> [INPUT DATA]
+++

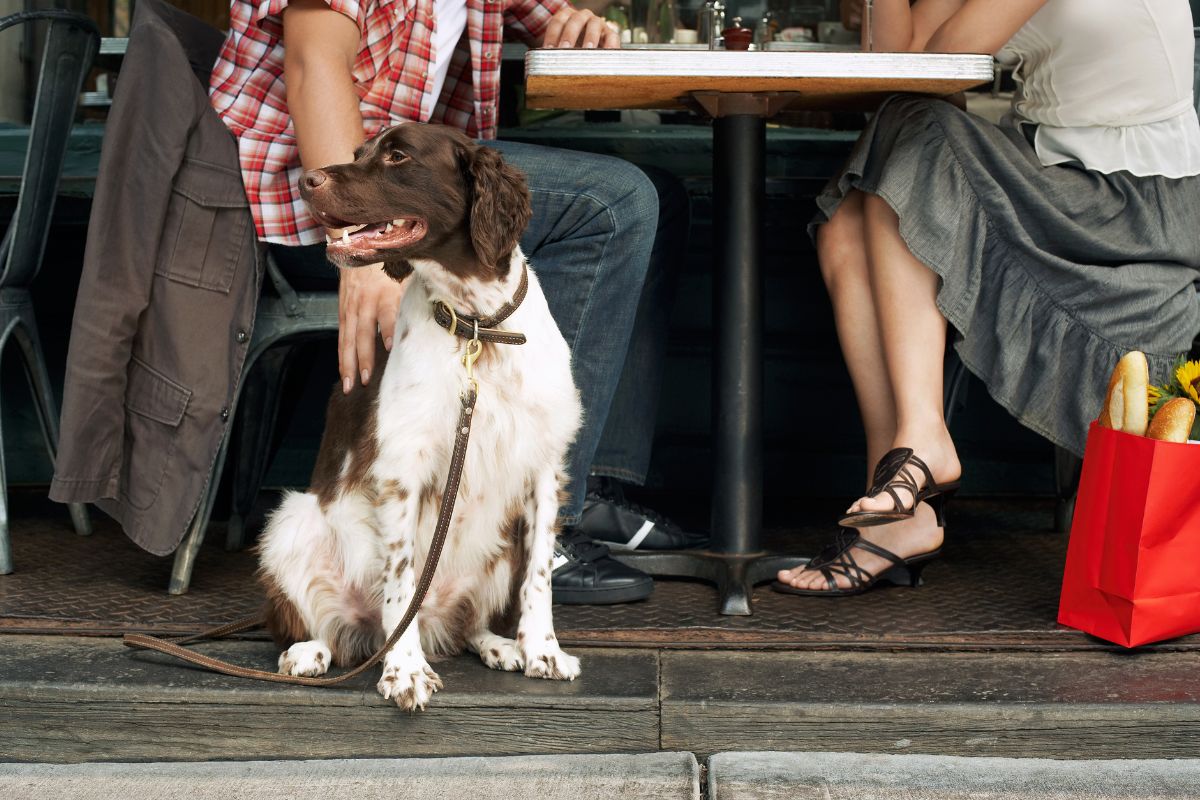 Dog-friendly restaurant patio dining near Upper Ivy Culver City
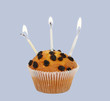fruit-cake isolated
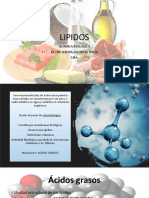 Lipidos Quimica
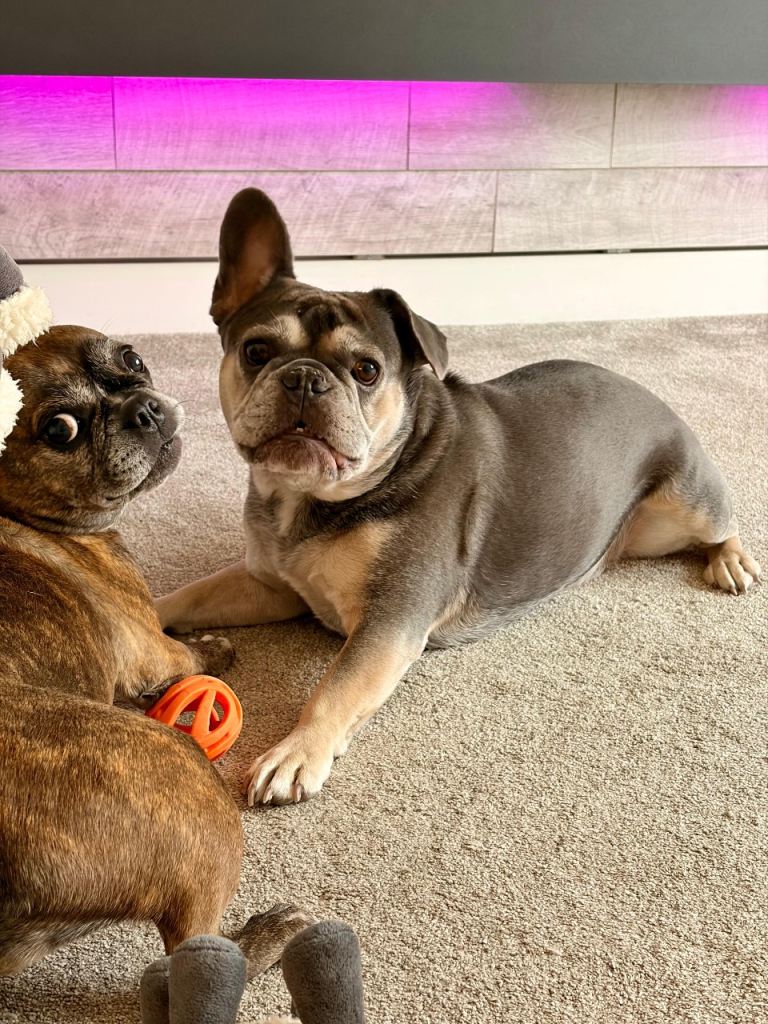 2 x loving French bulldogs to re-home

+++

> [WHAT THE TASK REQUIRES]
Only the lines from the one containing "fruit-cake isolated" through the final line of the listing should be reproduced, exactly and with no pictures.

> [RESULT FOR THIS EXERCISE]
fruit-cake isolated
 Lipidos Quimica
 2 x loving French bulldogs to re-home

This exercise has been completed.